Answers to some key questions on Quebec's face-covering law

Quebec’s Bill 62, requiring people to show their faces when they give or receive public services, became law this week. Many wonder how it will work. Here are some answers.

New law bans those wearing face-coverings from giving or receiving public services. But how will it work?

Quebec's new law against face-coverings, passed on Oct. 17, is prompting a lot of questions. It would ban people like Zayneb Binruchd from receiving public services while wearing face-coverings such as her niqab. (Sylvain Charest/CBC)

Quebec's Bill 62, requiring people to show their faces when they give or receive public services, became law this week.

The new law applies to a wide array of public institutions — from hospitals to libraries — and has elicited a groundswell of criticism.

There are also a lot of questions about how the law will work.

Here are some answers:

Can municipalities or transit agencies get an exemption?

The decision to include municipalities and transit agencies in Bill 62 was a deliberate one on the part of the Liberal government. Those bodies were added to the proposed legislation last August.

However, several municipalities, including Montreal and Quebec City, are adamantly opposed to being included in the law.

The Union of Quebec Municipalities (UMQ) said in a news release Friday it thinks municipalities should be exempted.

The government has made no move to do so.

Could some organizations simply not enforce the law?

The law states the highest authority in every organization is responsible for making sure that it is enforced.

However, the law doesn't set out any consequences for organizations or employees who do not follow it.

This is expected to change. The province plans to include penalties for failure to comply when it adopts regulations as to how the law will be applied by July.

Several transit agencies, including those in Montreal and Gatineau, have said they will not enforce the ban until the guidelines for how the law is to be implemented are ready.

People opposed to Bill 62, the new law that would prevent anyone with a covered face to give or receive public services, waited at bus stops along Parc Avenue on Friday, Oct. 20, to protest. (Sudha Krishnan/CBC)

What will happen to people who wear a balaclava or a winter scarf when they get on the bus?

Quebecers may have to get through a winter before the guidelines on how to deal with situations such as this are ready. The government has given itself until next July to adopt those guidelines.

Meanwhile, Justice Minister Stéphanie Vallée has refused to speak about specific scenarios.

However, the law as it is worded appears to allow transit users to cover their face while waiting at a bus stop, but require them to remove their face covering after they board.

What happens when a woman wearing a niqab goes to the hospital?

A woman who wears a niqab, burka or other face covering will be expected to reveal her face when she undergoes a medical examination.

Requests made by men or women to be treated by a doctor of their own gender are already being systematically refused, Health Minister Gaétan Barrette explained earlier this week.

However, Barrette said the situation is "fuzzy" when it comes to how hospital staff at the reception desk should handle patients with a covered face when they walk into an establishment.

"We are all waiting for those directions," the health minister said.

What happens if a person refuses to take off their face covering?

That's not yet clear.

Instructions on how an employee is supposed  to react will depend on the circumstances, says the justice minister's spokesperson, Isabelle Marier St-Onge.
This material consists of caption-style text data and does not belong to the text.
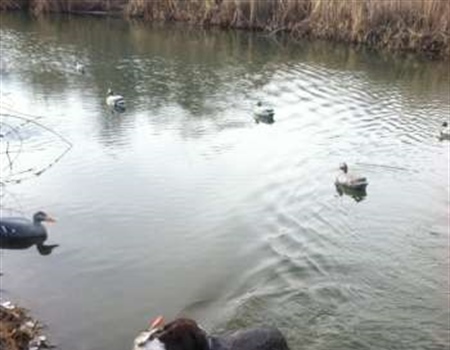 Ice, Sweat and Ducks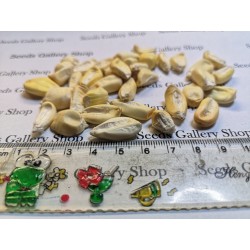 Giant Peruvian Chullpi Corn - Maiz Seeds 2.45 - 5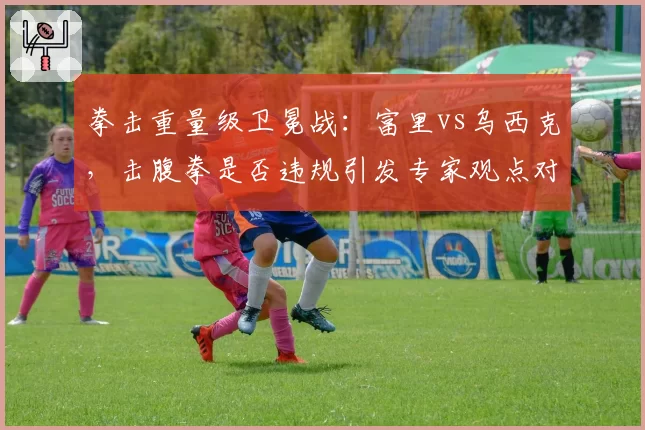 拳击重量级卫冕战:富里vs乌西克,击腹拳是否违规引发专家观点对立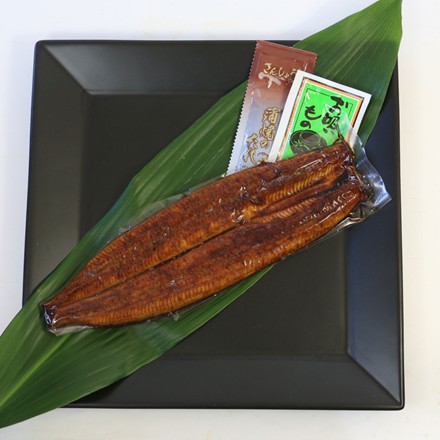 浜名湖謹製うなぎ特大蒲焼　1尾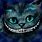 Alice Wonderland Cat Smile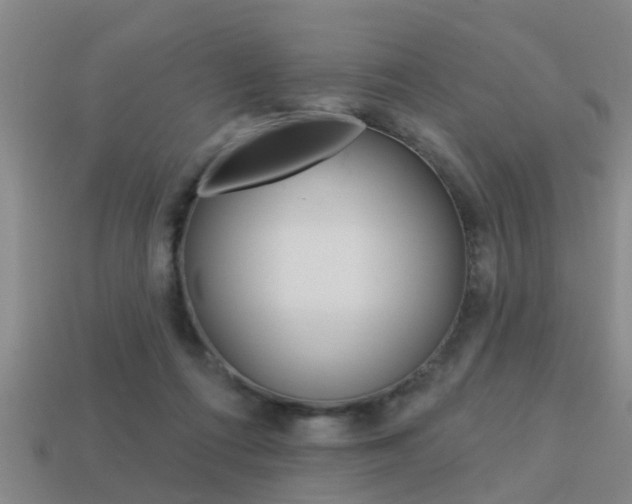 X0000113340312200909151011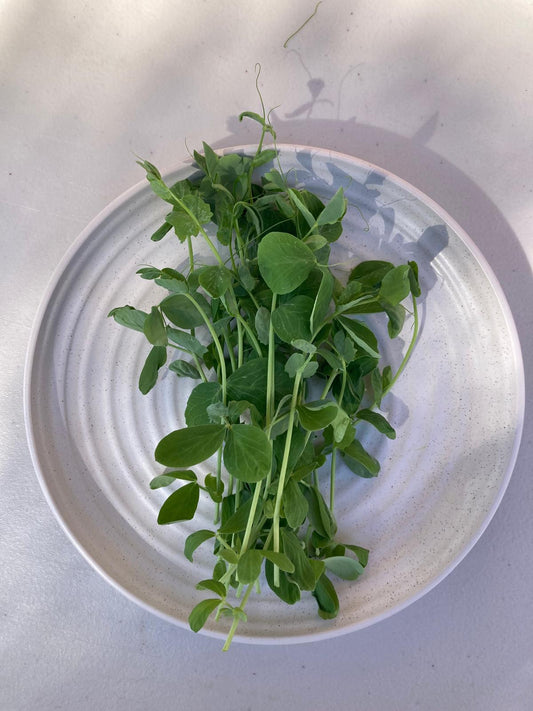 Pea Shoots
The provincial guidelines coming out by next July are supposed to outline how public service workers should deal with various specific situations.

Will doctors be allowed to wear surgical masks? Will police officers in riot gear be allowed to wear face shields?

Quebec's workplace safety standards will still apply, despite the religious neutrality legislation, the justice minister's spokesperson said.

Workers will still be required to wear the necessary equipment to protect themselves and others, said Marier St-Onge.